Mon, Feb 06, 2012 - Page 3 News List

Old Chinese-style sailboat returns to Taiwan from US

Staff Writer, with CNA

The boat “Free China,” which was the first traditional Chinese vessel to cross the Pacific Ocean in 1955, is seen in an undated photo.

Photo courtesy of Chen Ling-li

A Chinese-style wooden sailboat will soon return to Taiwan for the first time since it made a historic trans-Pacific journey to the US 57 years ago, Chinese Nationalist Party (KMT) Legislator Chiu Wen-yen (邱文彥) said yesterday.

The boat, Free China (自由中國), which was built and launched in Keelung in 1890, was found abandoned in San Francisco in 2009. Taiwanese boat enthusiasts wrote to then--premier Liu Chao-shiuan (劉兆玄), telling him that the vessel was about to be dismantled, Chiu said.

Free China left Keelung Port in April 1955 to take part in a sailing competition in the US, but missed the race because of its lack of modern equipment and storms along the way. It arrived in San Francisco in August that year.

The boat was donated to a US museum after the journey, but later ended up in a private shipyard, where it was found in 2009.

The Taiwanese government’s decision to ship the vessel back was announced in November last year by Chiu, who was part of a team sent by Liu to assess the boat’s value as a cultural asset.

Chiu said ownership of the boat has been transferred to the government, and the estimated NT$7 million (US$237,360) needed to bring the vessel back has been secured.

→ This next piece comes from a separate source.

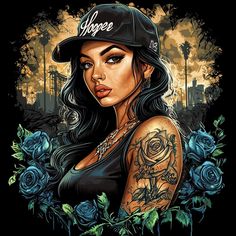 a woman with tattoos and a baseball cap on her head is standing in front of roses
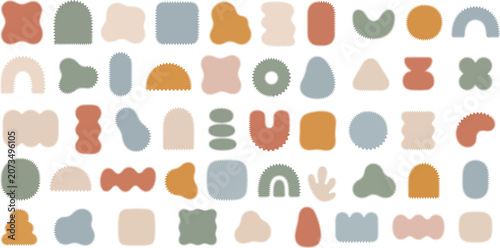Collection of diverse abstract shapes with rough textured edges in earth tones — terracotta, sage green, dusty blue, beige, rust orange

Apart from its historical value, the vessel can help shed more light on ancient boat-building techniques and can be of benefit to archeological studies on shipwrecks, Chiu said.

Free China is set to return to Taiwan this year once the details have been sorted out, Chiu said, adding that he hopes it can be unveiled on the World Ocean Day on June 8, or the Taiwan’s Maritime Day on July 11.

The boat will be on display outdoors at the National Museum of Marine Science and Technology in Keelung, Chiu said.

More money will be needed to fund an indoor display in order to protect the boat from damage by natural elements, he said.